The site was remarkably discovered in 1971, but due to a lack of funds, it was controversially reburied under the cathedral green to protect it.
In 1971, plans were made to build an additional car parking space in an underground car park, opposite Exeter Cathedral.
To allow this to happen, it was decided that St Mary Major church, which stood opposite the cathedral, should be demolished.
The demolition of the Victorian church went ahead, with the understanding that if anything of historical interest were found on the site, it would be recorded.
During the process, an incredible Roman military bathhouse was unearthed, which is of great historical significance.
The archaeologists excavated further and were astonished to reveal Roman remains – it was soon discovered that they were the remains of a Roman Bath House.
The Roman Bath House is said to have been built around AD60 and shows excellent quality.
It includes; hot air underfloor heating, a hypocaust and tiled flooring set throughout a range of rooms with varying purposes – “cutting edge” for its time!
Further excavation revealed a trepidarium (cold room), an expensive furnace house, an exercise yard, and multiple service rooms.
It was a well-developed bath complex, absolutely unique in Northern Europe, and for its time, the bath complex would have been quite superior.
It was one of the earliest stone-masonry buildings to be constructed in Roman Britain, which has huge implications for the status of Roman Exeter.
Constructing such a bath house would have been a difficult thing to undertake at the time.
Five quarries had to be established to supply stone – Purbeck marble and limestone from Dorset, lead and iron ore had to be located and smelt, and clay excavated and fired into bricks and tiles.
Such an undertaking was beyond the Roman army, even though they were well used to engineering work. This was the work of imported architects and craftsmen.
For its time, this distant outpost of the Roman Empire had what was perhaps the most advanced bath house in the Roman world.
This was building at the forefront of technology – Exeter was one of the first heating systems to employ hollow rectangular box tiles for the walls to channel hot air from beneath the floor.
In addition, iron bars were laid on the tops of the supports that carried the floor above the hypocaust to strengthen it and prevent disintegration due to the heat.
Dr John P. Salvatore worked on the site’s excavation between 1972 and 1974.
“The Roman military bathhouse at Exeter was the first-ever stone-built monumental building in the southwest of England,” he said.
The Romans built this large public bathhouse complexe so that they could meet up with their friends to wash, relax and have fun.

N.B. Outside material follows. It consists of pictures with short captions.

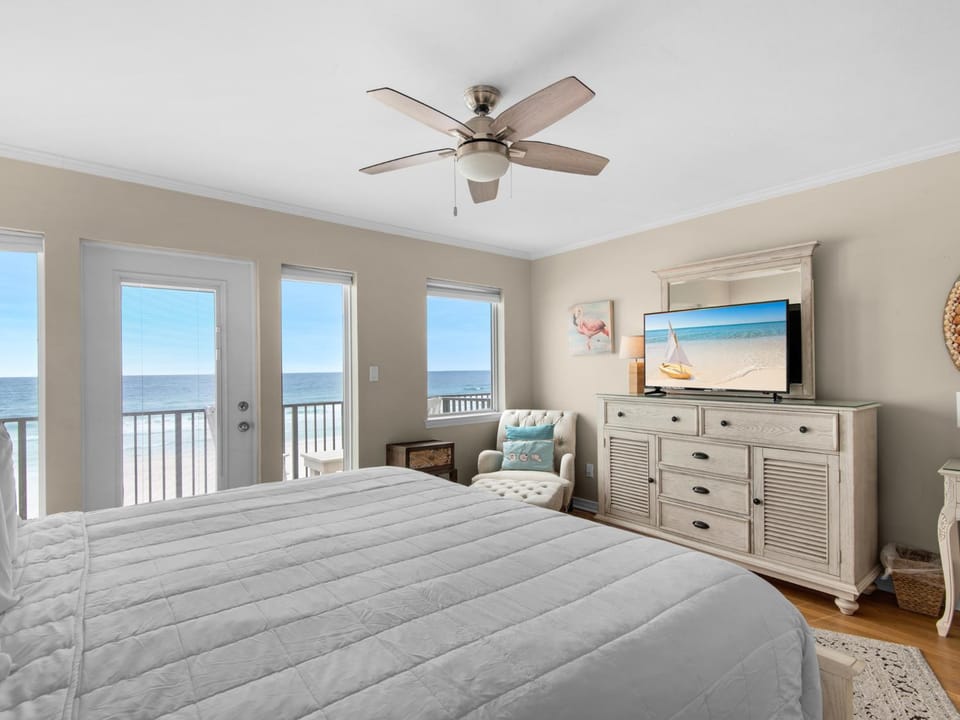 Costa Del Sol A2 by Newman-Dailey House in Miramar Beach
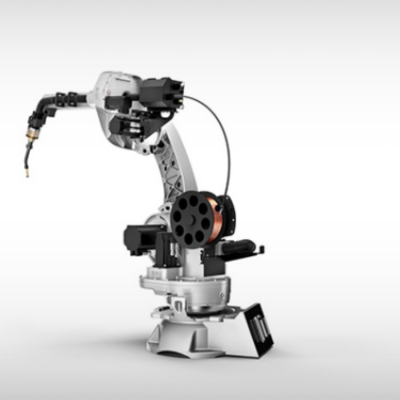 6 Axis Industrial Robot Arm Of Arc4-5-1.95 With Robotic Arm Price Used For Arc Welding Robot图3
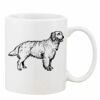 Mug Pearl Coating 11oz with White Box Thumbnail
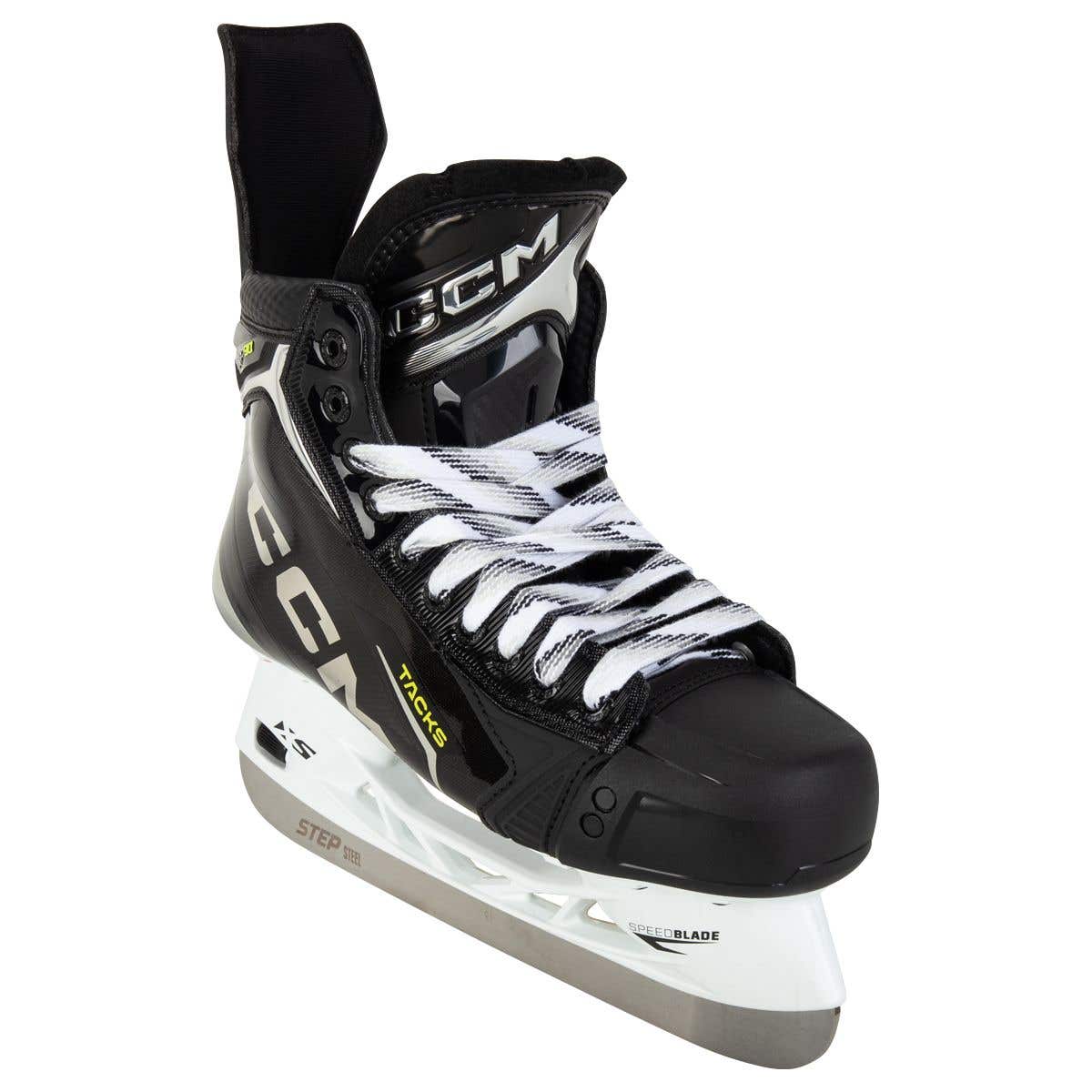 CCM Tacks XF90 - angle 2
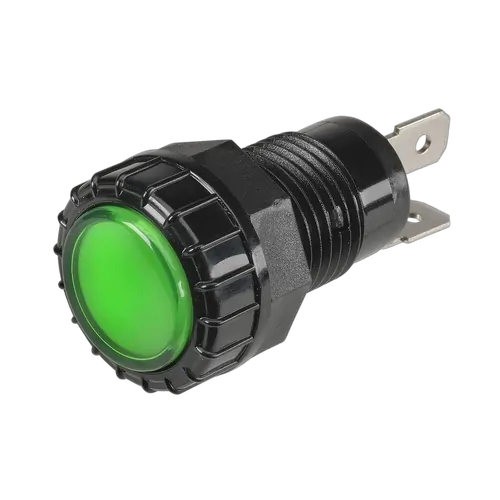 Narva 24 Volt Pilot Lamp With Green LED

It was a bit like a leisure centre, they had swimming pools, changing rooms and toilets, they also had hot and cold rooms.
This Legionary Bathhouse in Exeter was called Isca Thermae – Isca means ‘water’ or ‘river’.
Bathhouses would have been spectacular buildings, the one in Exeter was the same size as the floor area of the cathedral (pictured below).
The Archaeological Unit, the City Council and the Cathedral authorities were not quite sure what to do about the find.
Some wanted it to be fully exposed and a public interpretation centre be built over the remains.
In the end, it was decided to cover the site with sand and grass it over, for possible resurrection at a later date.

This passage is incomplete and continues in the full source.